Chickens don’t belong at humane societies
Can you imagine a farmer or rancher taking their chickens to an animal shelter?
Yet, according to a recent MSNBC story, that’s what is happening across the country as young hipsters attempting to be locavores, people who eat food that is grown from within their own region, are dumping off their egg hens and surprise roosters on animal shelters and rescues.
Often, because these chickens become pets and the thought of killing and butchering them is too much.
However, I also suspect it is because these people are not seriously considering the implications of urban farming and lack the skills necessary to care for basic urban livestock.

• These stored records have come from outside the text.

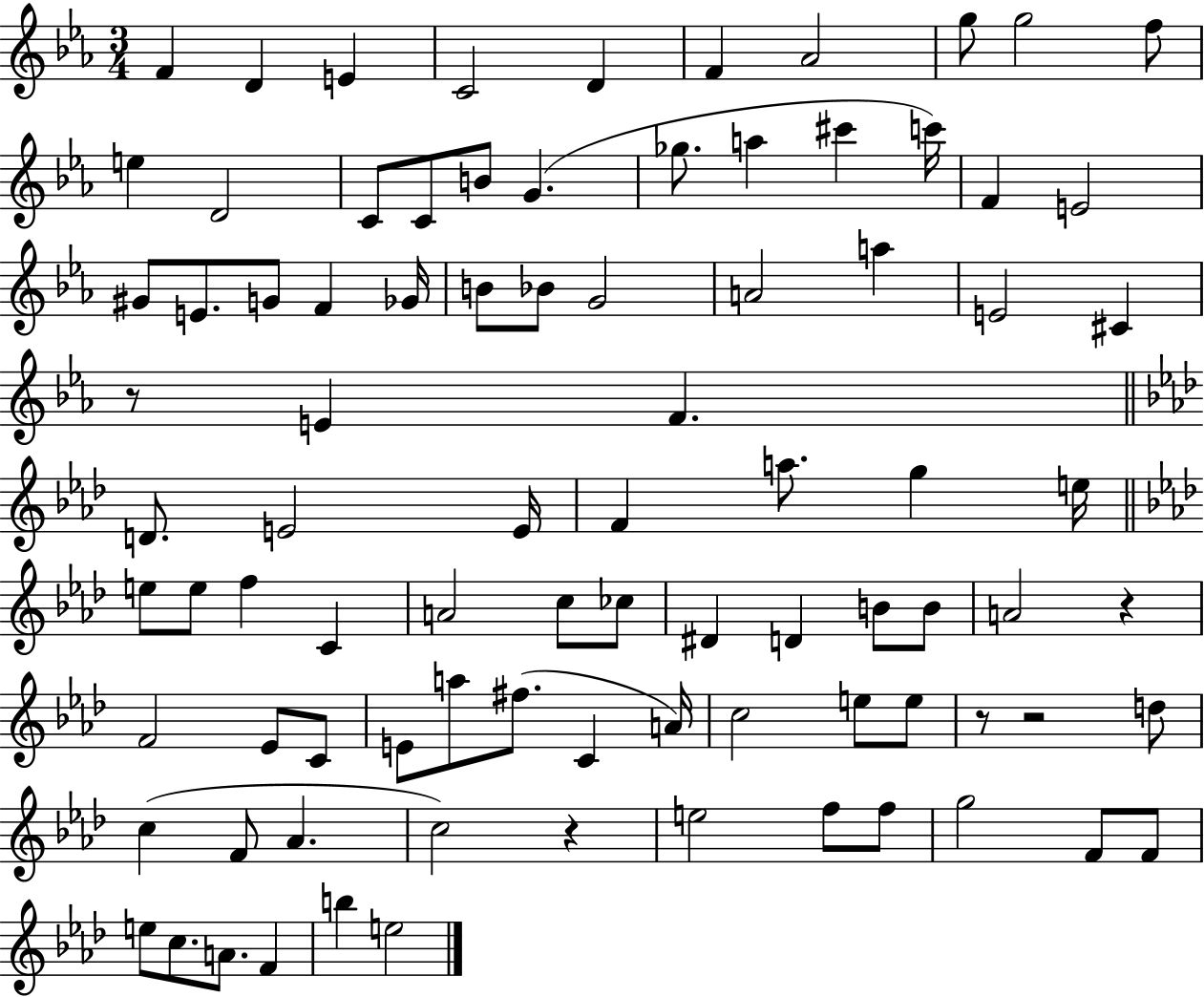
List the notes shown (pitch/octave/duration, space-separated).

F4/q D4/q E4/q C4/h D4/q F4/q Ab4/h G5/e G5/h F5/e E5/q D4/h C4/e C4/e B4/e G4/q. Gb5/e. A5/q C#6/q C6/s F4/q E4/h G#4/e E4/e. G4/e F4/q Gb4/s B4/e Bb4/e G4/h A4/h A5/q E4/h C#4/q R/e E4/q F4/q. D4/e. E4/h E4/s F4/q A5/e. G5/q E5/s E5/e E5/e F5/q C4/q A4/h C5/e CES5/e D#4/q D4/q B4/e B4/e A4/h R/q F4/h Eb4/e C4/e E4/e A5/e F#5/e. C4/q A4/s C5/h E5/e E5/e R/e R/h D5/e C5/q F4/e Ab4/q. C5/h R/q E5/h F5/e F5/e G5/h F4/e F4/e E5/e C5/e. A4/e. F4/q B5/q E5/h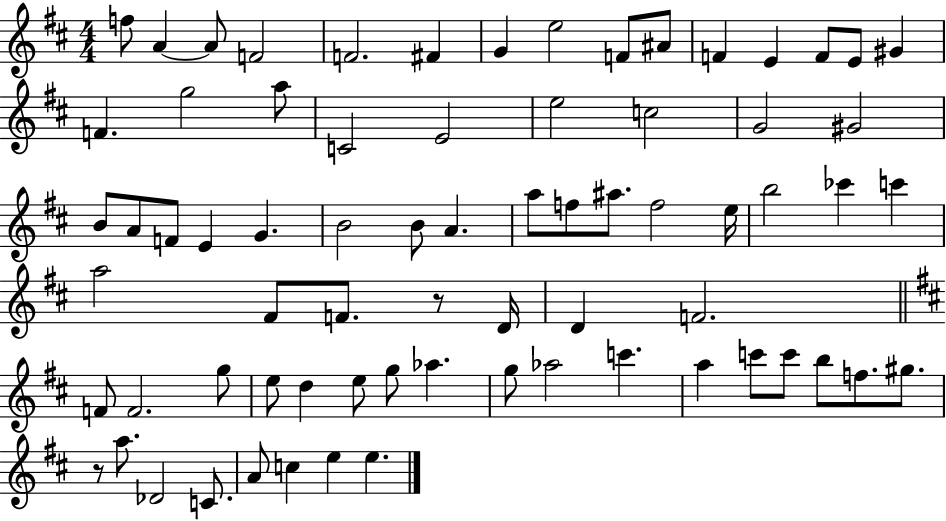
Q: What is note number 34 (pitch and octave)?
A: F5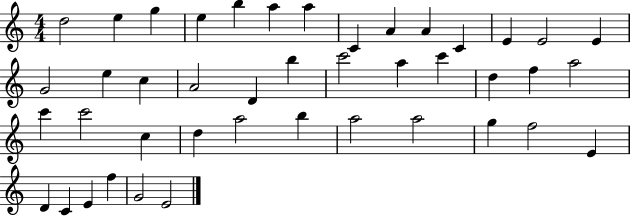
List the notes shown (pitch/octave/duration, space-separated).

D5/h E5/q G5/q E5/q B5/q A5/q A5/q C4/q A4/q A4/q C4/q E4/q E4/h E4/q G4/h E5/q C5/q A4/h D4/q B5/q C6/h A5/q C6/q D5/q F5/q A5/h C6/q C6/h C5/q D5/q A5/h B5/q A5/h A5/h G5/q F5/h E4/q D4/q C4/q E4/q F5/q G4/h E4/h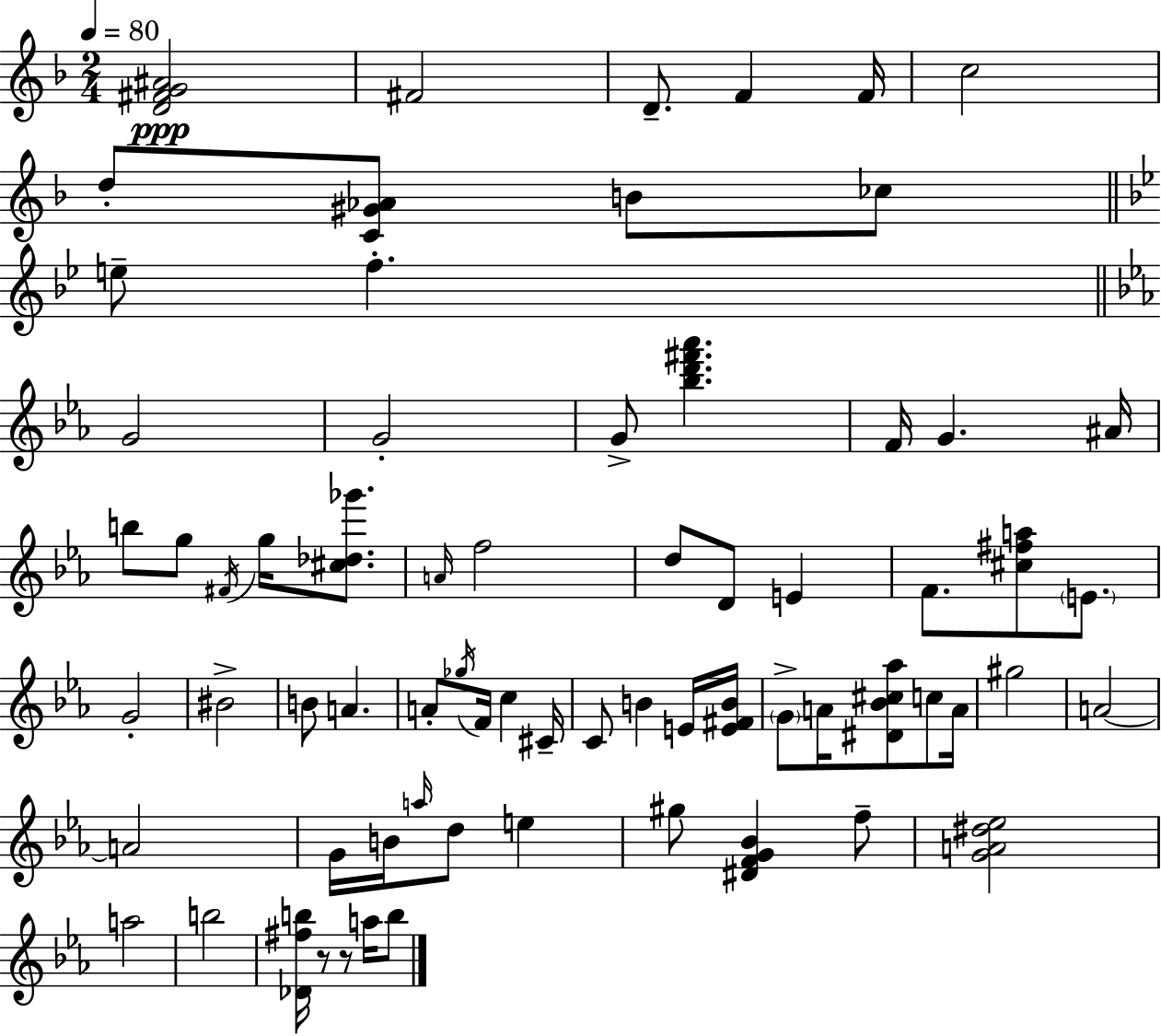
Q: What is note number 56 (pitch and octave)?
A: A5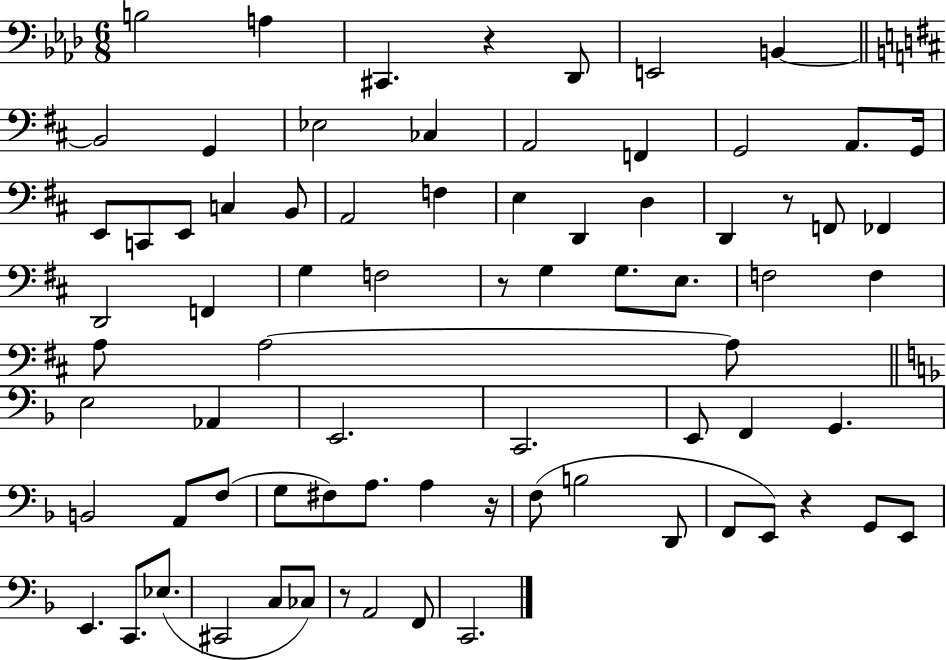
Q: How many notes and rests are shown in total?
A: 76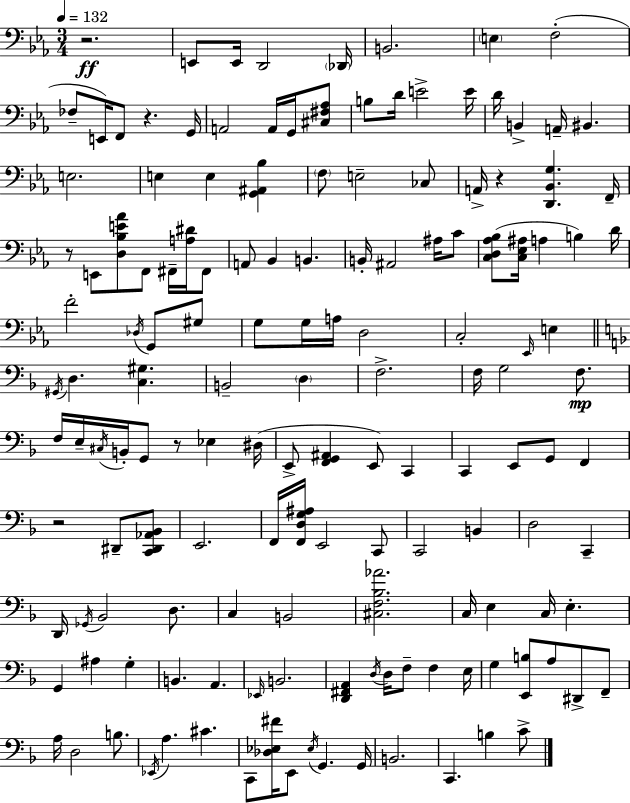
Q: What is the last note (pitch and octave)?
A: C4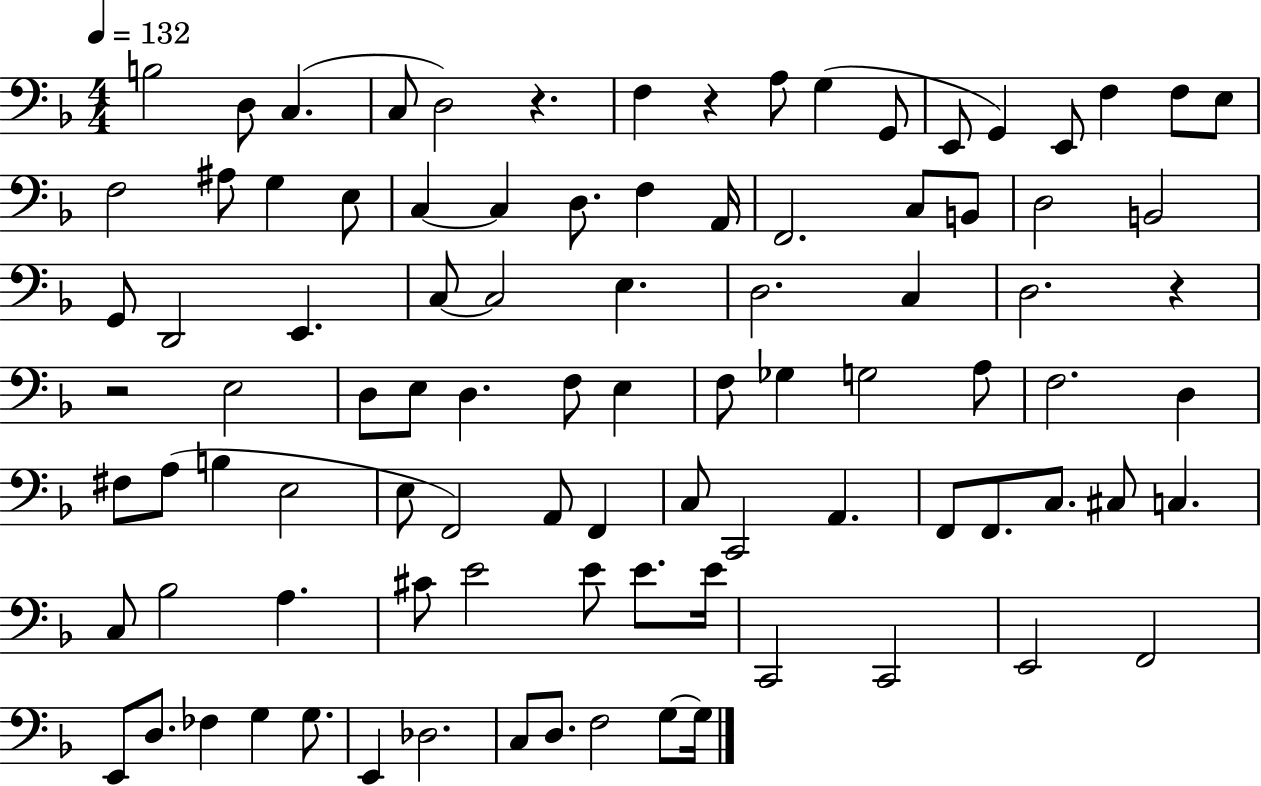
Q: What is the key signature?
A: F major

Now, before I moved to Eagle Butte, I considered myself a locavore. Sure, my kids still ate chicken nuggets and I still bought spices, coffee and other items not sourced from my local farmers or ranchers, but I would guess about 60% of my personal diet was sourced from the Brookings area, East River or the Sodak region.
Considering that the average plate of food on a South Dakota table travels over 2,500 miles to reach us, yet we live in the middle of farm and ranch country, I think we all need to localize our food choices. Sometimes this means changing what sorts of foods we eat, based on availability. It can mean sacrifices, too, or spending more on the local option, but the rewards are often a lot greater. You really do get what you pay for.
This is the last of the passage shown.